November. 2008. A Tuesday. Thanksgiving neared as I arrived at the University of North Texas for a day of classes. First on the schedule: linguistics. I loved this class, although for whatever reason I really didn’t want to do the final project. It was worth fifteen percent of our grade, and I calculated that if I didn’t do it, I’d still get a B. I got an A. The teacher must have liked me.
As I sat in the classroom, my fellow students trickled into the empty desks. Amidst the light discussion, I noticed I had a missed call. My mother. I stepped out into the hallway as my heart tightened in my chest, and I sat on a bench, alone, to listen to the message.
My grandmother had died.
It seemed so matter-of-fact. She was dead, and class started in five minutes. What was I supposed to do? The family was already planning to leave the next morning to go to Virginia for the funeral. I didn’t have time to think about any of it.
I went to class.
By the time it was over, I had already lost track of the day. Stunned, saddened. I hadn’t made it to Virginia for my grandfather’s funeral; I had to make it this time.
I skipped my next class, alternating phone calls between my parents and my sister. My teachers would understand, they said, if I skipped some classes. I was in the middle of an eighteen-hour semester and fully intended on making the President’s list (which I eventually did), so that thought bothered me. But what else was there to do? My parents were going to be leaving by car before sunup the next morning, my sister with them. I went to work that night at Chili’s and told my managers. They told me it was fine, they’d get my shifts covered. I e-mailed my professors.
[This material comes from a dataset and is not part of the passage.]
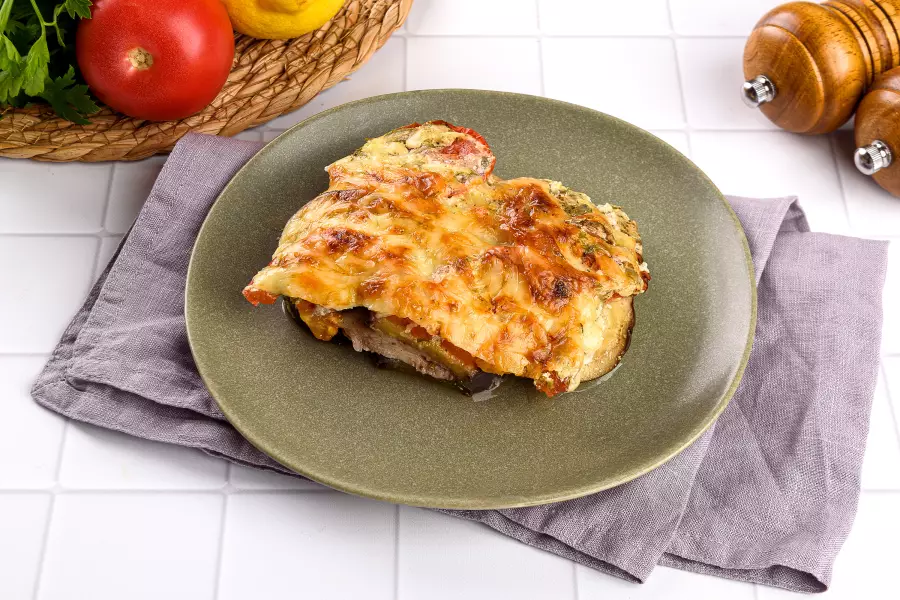 Готовое блюдо куриное филе с баклажанами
I packed a bag.
I lay awake on the floor in the dining room of my parents’ house, in the dark, my world fading away like it did when I was a child about to leave for a vacation. I kept thinking about my grandmother, about their old house with the fireplace cut right through an inner wall so it was in two rooms, and with the little apartment-thing over the garage. About the stories I’d heard that she’d been slipping, talking about my grandfather as if he were still alive, as if he were having an affair.
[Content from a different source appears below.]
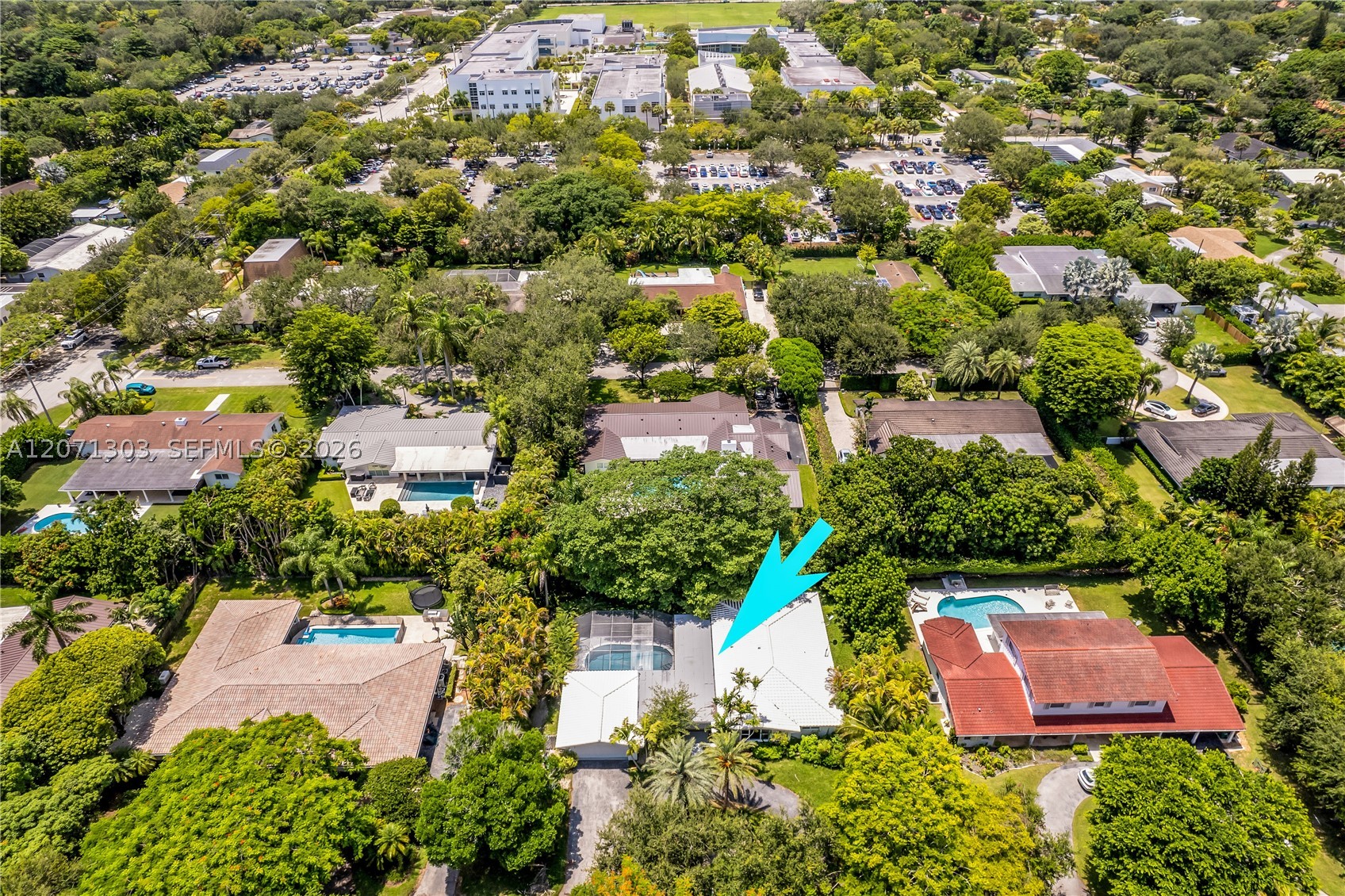 11890 SW 72nd Pl Pinecrest, FL 33156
Wednesday morning I piled into the car with my mother, my father, and my sister. I don’t know how long it had been since we’d been on a family road trip. This one was unplanned, and as it turned out, was the last one we ever took.
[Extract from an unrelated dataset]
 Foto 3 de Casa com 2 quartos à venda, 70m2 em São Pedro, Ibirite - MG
We spent most of Thanksgiving 2008 in the car, cutting across America to Virginia Beach. I picked up a newspaper to read as we drove. We called our relatives in Texas to tell them we wouldn’t be showing up for dinner. They offered condolences. As it turned out, we still had Thanksgiving dinner with family…family I hadn’t seen in years. My aunt and uncle and cousin. More family the next day that I hadn’t seen in forever. As tragic as the event was, it was one of the best Thanksgivings of my life.
The weekend was divided equally between mirth and dirge. I remember mostly the good moments, sneaking away to Starbucks with cousins I never get to see. Thanksgiving dinner at my aunt and uncle’s house. “A Thanksgiving miracle,” we called it.
I saw my grandmother in the coffin. I don’t know what to say about that. I wish I could bring her back, as I wish for all of my grandparents. It’s unreal to see pictures of them, to remember them so strongly in my life, and to remind myself that I will never see them again. I will never smell the salty air of the Atlantic from my grandparents’ front door again. I will never run through their house at play, or hide from my sister in plain sight in their guest bedroom. I will never hear their voices or see their smiles. They have nothing more to teach me.
But I’m thankful they were in my life. I'm missing my grandmother a little bit today.